Homeland

Homeland

Tout le contraire de l'hypocrisie
Texte / Tosca Waeber
Images / Gian Paul Lozza

HOMELAND. Un projet qui reflète le skate avec authenticité et sincérité sous la forme de prises de vue graphiques nocturnes et de portraits. À l’occasion de la sortie du livre, nous avons rencontré son créateur, Gian Paul Lozza, un vieux routier bien connu de la scène suisse du skate et du snowboard. Résumé d’un entretien vraiment décontracté sur l’avenir du ride.

Homeland est un rêve attendu depuis longtemps ?
Pour un photographe, publier un livre est certainement le summum. Un livre que tu puisses tenir dans tes mains, palper, avec TON nom dessus. Pour moi, c’est un grand moment. Il y a deux ans, j’ai pris des photos du parc alors qu’il était encore en construction. En arrière plan se trouvent tous les engins du chantier qui sont impossibles à distinguer sur les clichés. J’ai fait les portraits il y a environ un an. Ce sont des photos de skateurs qui, à mon avis, représentent l’âme du skatepark Homeland.
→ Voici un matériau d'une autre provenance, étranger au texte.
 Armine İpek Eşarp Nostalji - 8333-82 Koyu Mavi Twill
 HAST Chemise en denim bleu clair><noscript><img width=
Quels sont tes points faibles et tes points forts ?
Mon point faible, c’est mon impatience… et mon point fort, c’est mon impatience. Quand je veux quelque chose, je me débrouille pour l’obtenir. Mais je peux aussi être infect quand les choses n’avancent pas et ça devient alors très désagréable (rires). J’aborde mon travail de manière consciente. J’ai des visions précises que j’impose et que j’applique.

Comment te vois-tu personnellement dans l’univers de la photographie ?
Comme un jeune photographe qui a beaucoup de cœur et qui tente de dépasser les frontières.

Comment vois-tu l’avenir du snowboard ?
Il y a vingt ans, il n’était pas mieux, simplement différent. Avant, c’était un style de vie et aujourd’hui, c’est devenu un sport. Beaucoup de choses ont évolué dans le bon sens. Pour moi, le problème se pose plutôt au niveau des formes de compétitions. Le halfpipe et le slopestyle se tournent complètement vers les figures libres, ce qui s’est déjà avéré fatal pour d’autres disciplines. Le skateboard, au contraire, reste fidèle à ses racines sur ce point.

Les projets publicitaires limitent-ils ta créativité ?
Parfois, je joue plutôt le rôle du mécanicien qui sait comment placer la lumière et, parfois, j’ai le droit de me défouler.

Quelles valeurs associes-tu à ton travail ?
La sincérité. Tout tourne autour d’elle. J’ai du mal avec ce qui est "artificiel". Je suis né paysan des montagnes grison et je suis donc imprégné de cette culture. À mes yeux, beaucoup de choses dans ce monde sont devenues très hypocrites. Ce qui me manque souvent, ce sont la sincérité et la morale. Mais j’essaie d’intégrer moi-même ses valeurs et d’en faire une ligne de conduite. Mes projets se veulent simples, très directs et rectilignes. C’est ça que je veux.

La Trace Gallery se vide peu à peu. Ce soir, photographes, étudiants, acteurs et amateurs d’art s’y étaient donné rendez-vous. Les clichés graphiques et semblables au rêve du parc ainsi que les portraits individuels des skateurs zurichois nous rapprochent pas à pas de la communauté locale de skateurs. Pour Gian Paul Lozza, ce projet est un retour aux origines de sa carrière. Le skateboard.